I attend these workshops because I always learn something new about municipal government. Invariably there are changes to municipal statues.
Highlands is a member of the UNC School of Government and the NC League of Municipalities. Both organizations support towns and cities. They are important resources and consultants for member municipalities.
Mike Smith, the Dean of the UNC School of Government, was at the workshop. I had the opportunity to thank him personally for the 16 years that I have relied on the school as a critical professional resource. I was a magistrate for 10 years before currently serving 6 years as mayor. The School of Government also trains personnel in the state’s court and justice system. They have 50 professors on the faculty that specialize in all aspects of North Carolina law and government.
When I was a magistrate, Professor Robert Farb headed their criminal justice department. Farb was the definitive expert on all North Carolina criminal statues and legal procedures. I attended continuing education workshops where Professor Farb would analyze case studies and specific elements of a criminal statue in unbelievable detail. If a magistrate had a question about a current case or charge, Professor Farb and his colleagues were just a phone call away.
That is also the case when it comes to operating a municipal government in North Carolina. Town directors are only a phone call away from consulting with experts in specific fields such as municipal finance, meeting procedures, open records, zoning, or personnel, to name only a few.
I jokingly told Dean Smith that my goal has always been to make good decisions. The last thing a mayor or magistrate wants to be is a case study for the UNC School of Government.
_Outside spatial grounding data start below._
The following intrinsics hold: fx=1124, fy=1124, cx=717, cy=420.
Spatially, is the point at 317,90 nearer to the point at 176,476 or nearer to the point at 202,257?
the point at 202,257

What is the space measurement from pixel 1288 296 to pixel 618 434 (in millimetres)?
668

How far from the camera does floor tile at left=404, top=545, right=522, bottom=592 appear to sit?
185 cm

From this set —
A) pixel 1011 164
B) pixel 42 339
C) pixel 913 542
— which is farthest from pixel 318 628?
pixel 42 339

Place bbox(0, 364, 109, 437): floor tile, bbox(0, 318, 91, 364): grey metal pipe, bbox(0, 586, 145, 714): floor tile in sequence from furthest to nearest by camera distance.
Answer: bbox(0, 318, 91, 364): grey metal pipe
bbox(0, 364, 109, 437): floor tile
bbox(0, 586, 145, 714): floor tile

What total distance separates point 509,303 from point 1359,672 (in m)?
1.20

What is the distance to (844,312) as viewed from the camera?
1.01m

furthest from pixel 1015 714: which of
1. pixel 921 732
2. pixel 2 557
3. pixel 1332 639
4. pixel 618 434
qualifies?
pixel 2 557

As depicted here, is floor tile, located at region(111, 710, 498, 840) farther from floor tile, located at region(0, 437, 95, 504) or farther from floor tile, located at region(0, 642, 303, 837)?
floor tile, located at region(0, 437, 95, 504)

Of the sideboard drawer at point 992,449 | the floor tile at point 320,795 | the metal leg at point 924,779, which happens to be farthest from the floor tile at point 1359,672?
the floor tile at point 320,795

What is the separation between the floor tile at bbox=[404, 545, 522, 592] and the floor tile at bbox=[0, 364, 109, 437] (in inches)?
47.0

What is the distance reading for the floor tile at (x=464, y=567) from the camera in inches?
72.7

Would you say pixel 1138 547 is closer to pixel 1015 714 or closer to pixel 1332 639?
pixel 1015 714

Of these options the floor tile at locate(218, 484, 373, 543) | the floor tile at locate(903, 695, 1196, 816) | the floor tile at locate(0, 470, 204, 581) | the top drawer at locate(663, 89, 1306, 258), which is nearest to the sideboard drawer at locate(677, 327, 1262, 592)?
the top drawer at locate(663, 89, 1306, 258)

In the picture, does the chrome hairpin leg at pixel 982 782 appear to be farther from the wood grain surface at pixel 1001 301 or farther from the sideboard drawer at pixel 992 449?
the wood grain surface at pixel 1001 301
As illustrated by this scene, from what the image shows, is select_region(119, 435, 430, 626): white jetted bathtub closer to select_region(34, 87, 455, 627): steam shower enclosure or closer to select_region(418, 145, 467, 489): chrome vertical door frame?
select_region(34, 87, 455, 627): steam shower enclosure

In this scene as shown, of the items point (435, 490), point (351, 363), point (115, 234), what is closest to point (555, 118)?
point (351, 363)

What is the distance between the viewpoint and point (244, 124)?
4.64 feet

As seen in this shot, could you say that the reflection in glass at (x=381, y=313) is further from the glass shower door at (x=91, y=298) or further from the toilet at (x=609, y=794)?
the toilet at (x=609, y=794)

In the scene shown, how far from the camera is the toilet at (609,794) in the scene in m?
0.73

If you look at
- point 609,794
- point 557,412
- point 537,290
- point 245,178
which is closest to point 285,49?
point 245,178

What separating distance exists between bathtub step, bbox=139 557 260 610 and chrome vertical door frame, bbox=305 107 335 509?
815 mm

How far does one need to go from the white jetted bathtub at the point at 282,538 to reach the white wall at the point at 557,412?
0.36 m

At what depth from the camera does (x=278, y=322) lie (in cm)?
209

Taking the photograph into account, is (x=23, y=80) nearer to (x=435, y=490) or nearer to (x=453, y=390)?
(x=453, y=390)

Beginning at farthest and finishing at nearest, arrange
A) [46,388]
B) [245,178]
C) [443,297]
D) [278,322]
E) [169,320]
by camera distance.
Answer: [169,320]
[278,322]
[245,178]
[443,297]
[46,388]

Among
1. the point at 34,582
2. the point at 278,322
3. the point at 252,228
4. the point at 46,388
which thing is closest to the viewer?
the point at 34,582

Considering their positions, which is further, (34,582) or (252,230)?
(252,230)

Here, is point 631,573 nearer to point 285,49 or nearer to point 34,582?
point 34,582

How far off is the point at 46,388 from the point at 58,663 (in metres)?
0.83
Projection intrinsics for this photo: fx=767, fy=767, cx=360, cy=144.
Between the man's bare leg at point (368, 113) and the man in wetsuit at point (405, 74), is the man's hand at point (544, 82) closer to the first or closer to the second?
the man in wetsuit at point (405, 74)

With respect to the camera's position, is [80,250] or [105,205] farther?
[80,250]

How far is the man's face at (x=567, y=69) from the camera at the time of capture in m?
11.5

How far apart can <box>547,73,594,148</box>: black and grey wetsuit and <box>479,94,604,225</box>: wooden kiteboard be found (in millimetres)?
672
He laughed.
At the workshop I also spoke with Rose Vaughn Williams, the legislative representative for the NC League of Municipalities. The league is also a major source of support for towns and cities. Rose informed me that she believes the legislature will take action in the forthcoming short session on short term rentals and on fiber/broadband legislation. Her only caveat was that no one can predict what the NC Legislature will do.
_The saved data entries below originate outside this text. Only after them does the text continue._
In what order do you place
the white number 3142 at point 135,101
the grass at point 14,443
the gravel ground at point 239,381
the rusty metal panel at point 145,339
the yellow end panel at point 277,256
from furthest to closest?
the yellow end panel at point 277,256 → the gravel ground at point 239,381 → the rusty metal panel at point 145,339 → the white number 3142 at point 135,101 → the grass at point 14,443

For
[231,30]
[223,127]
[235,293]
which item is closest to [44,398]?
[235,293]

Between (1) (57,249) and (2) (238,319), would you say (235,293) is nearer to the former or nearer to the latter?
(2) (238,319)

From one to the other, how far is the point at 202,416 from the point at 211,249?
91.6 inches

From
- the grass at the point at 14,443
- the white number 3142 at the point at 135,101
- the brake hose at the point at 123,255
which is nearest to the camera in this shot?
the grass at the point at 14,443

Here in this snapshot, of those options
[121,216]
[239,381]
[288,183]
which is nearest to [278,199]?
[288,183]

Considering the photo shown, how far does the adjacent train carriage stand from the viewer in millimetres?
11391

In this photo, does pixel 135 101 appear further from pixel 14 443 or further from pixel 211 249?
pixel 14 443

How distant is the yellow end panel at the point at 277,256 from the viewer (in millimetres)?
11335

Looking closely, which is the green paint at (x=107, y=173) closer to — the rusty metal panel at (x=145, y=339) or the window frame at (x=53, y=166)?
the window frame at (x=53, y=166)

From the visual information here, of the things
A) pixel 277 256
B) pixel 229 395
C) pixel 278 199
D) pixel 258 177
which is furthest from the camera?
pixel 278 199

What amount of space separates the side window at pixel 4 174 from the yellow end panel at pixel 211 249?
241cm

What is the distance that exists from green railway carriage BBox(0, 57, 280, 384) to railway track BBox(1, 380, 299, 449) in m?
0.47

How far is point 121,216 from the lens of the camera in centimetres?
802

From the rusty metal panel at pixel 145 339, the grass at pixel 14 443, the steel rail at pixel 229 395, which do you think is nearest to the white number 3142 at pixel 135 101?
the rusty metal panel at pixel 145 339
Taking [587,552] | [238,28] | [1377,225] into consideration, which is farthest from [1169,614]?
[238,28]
Hope you can join us tonight at 7 p.m. at the Highlands Community Center for the December board meeting. Our new commissioner, Marc Hehn, along with our reelected commissioners Brian Stiehler and John Dotson, will be sworn in. I also want to thank outgoing Commissioner Eric Pierson for his many years of service on the board.
By the way, the newly sworn commissioners will have to take a two-hour course on ethics and conflicts of interest. This extensive course is put on by the University of North Carolina School of Government.